A decoração, que encantou o público logo na chegada, levou a assinatura do produtor de moda e cultural Edson Guilherme, idealizador da festa, com apoio da Éclat que cedeu os móveis. Já na entrada, uma exposição de motos da Royal Enfield chamou a atenção dos convidados, inclusive do governador Mauro Mendes e da primeira-dama Virginia Mendes, que fizeram questão de prestigiar o evento.
A mesa farta foi um dos grandes destaques da tarde. A feijoada, considerada espetacular pelos presentes, teve a assinatura da chef Leila Malouf, garantindo sabor e qualidade à altura da tradição da festa. No aconchegante espaço lounge, móveis e elementos cenográficos remeteram ao mar de Ibiza, criando um ambiente sofisticado e acolhedor.
No palco, atrações nacionais consagradas elevaram ainda mais o nível da celebração. O grupo Art Popular fez um show vibrante, colocando o público para cantar e sambar do início ao fim. Já o CDB – Categoria de Base manteve a energia em alta e transformou a tarde e o início da noite em um verdadeiro espetáculo musical. A combinação de estilos se mostrou acertada e aqueceu os foliões para o Carnaval.
Entre veteranos e estreantes, o sentimento foi unânime. A jornalista Karine Arruda participou pela primeira vez e não economizou elogios. “Minha primeira vez no FeijoFolia 2026 foi simplesmente inesquecível. Estrutura impecável, muita música boa e a melhor feijoada sendo servida à vontade. Já estou me planejando para o próximo ano”, afirmou.
Já Katia Arruda, frequentadora assídua, reforçou a importância da festa no calendário local. “Feijofolia faz parte da história do carnaval da nossa terra amada. Foi tudo impecável: organização, comida deliciosa, ambiente encantador e música vibrante. Uma experiência memorável do início ao fim.”
O prefeito de Chapada dos Guimarães, Osmar Froner também destacou a relevância do evento e parabenizou Edson Guilherme pelo compromisso com a cultura. “A FeijoFolia é um evento belíssimo, que abre o nosso Carnaval com muita qualidade. Iniciativas como essa fortalecem o turismo, movimentam a economia e valorizam a nossa gente”, declarou.
Emocionado com mais uma edição histórica, Edson Guilherme celebrou o resultado. “Cada detalhe foi pensado com muito amor e responsabilidade.

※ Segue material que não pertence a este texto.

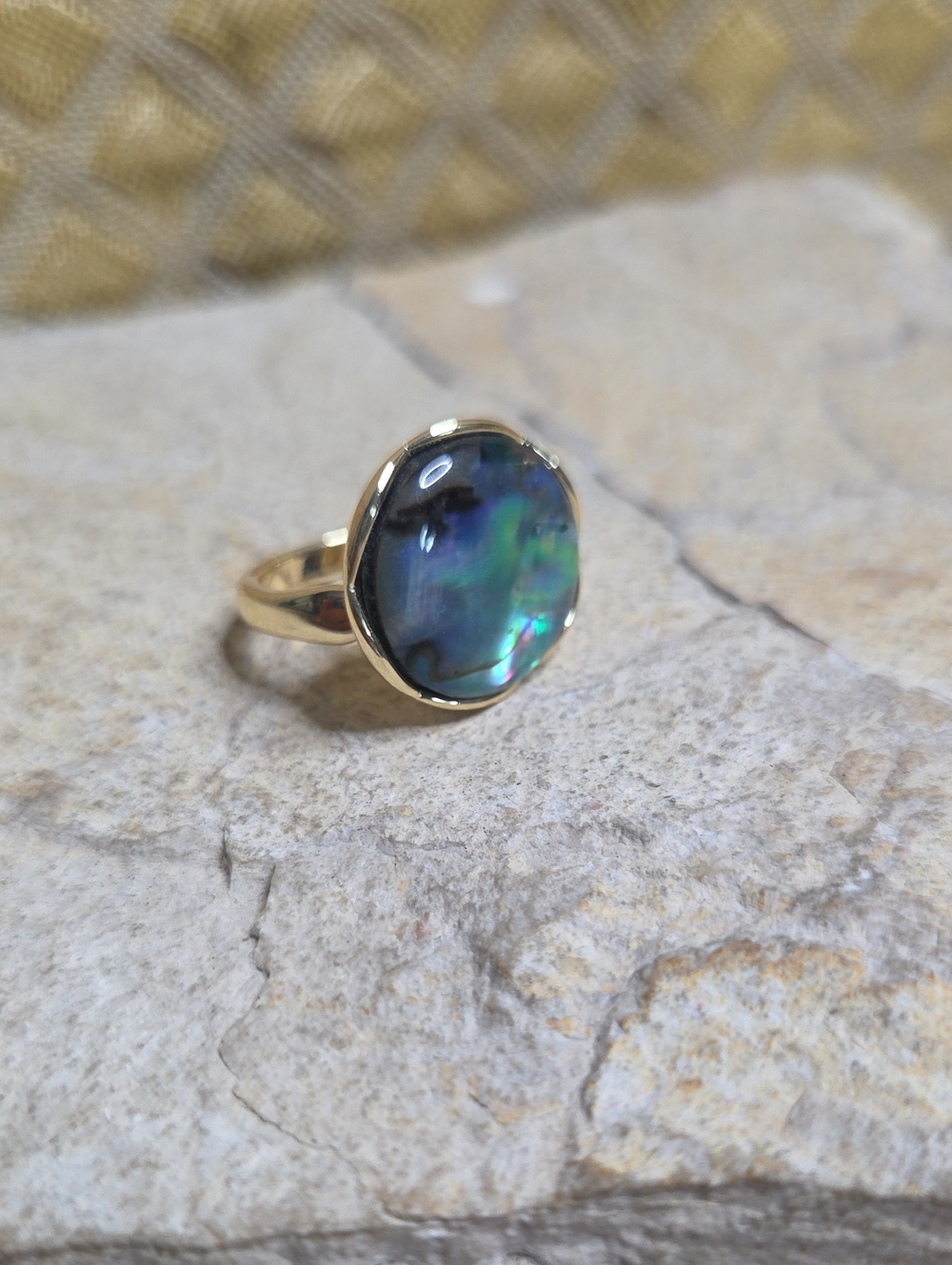 Gold Tone Abalone Shell Round Statement Ring  5 Adjustable Women’s Jewelry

Ver mais de duas mil pessoas felizes, celebrando, reencontrando amigos e vivendo essa energia é a maior recompensa. A FeijoFolia é mais que uma festa, é um movimento de valorização da nossa cultura, do nosso turismo e das pessoas que acreditam nesse sonho. Meu coração é só gratidão”, afirmou.
A realização do evento contou com o apoio de empresários e patrocinadores que investem na cultura de Mato Grosso, entre eles Pref. de Chapada dos Guimarães, Coca-Cola, Amigo Internet, Shopping Estação, Lebrinha, Vale Gramado, CasaCor Cuiabá, Éclat Decoração, Royal Enfield, Excelência, Pantene, Vizzela, Hellmann’s, Comfort, 3 Corações, Mac, Buffet Leila Malouf, Arquiteton, Arruda Produções, Sing Marketing e Mídia, Bild Led.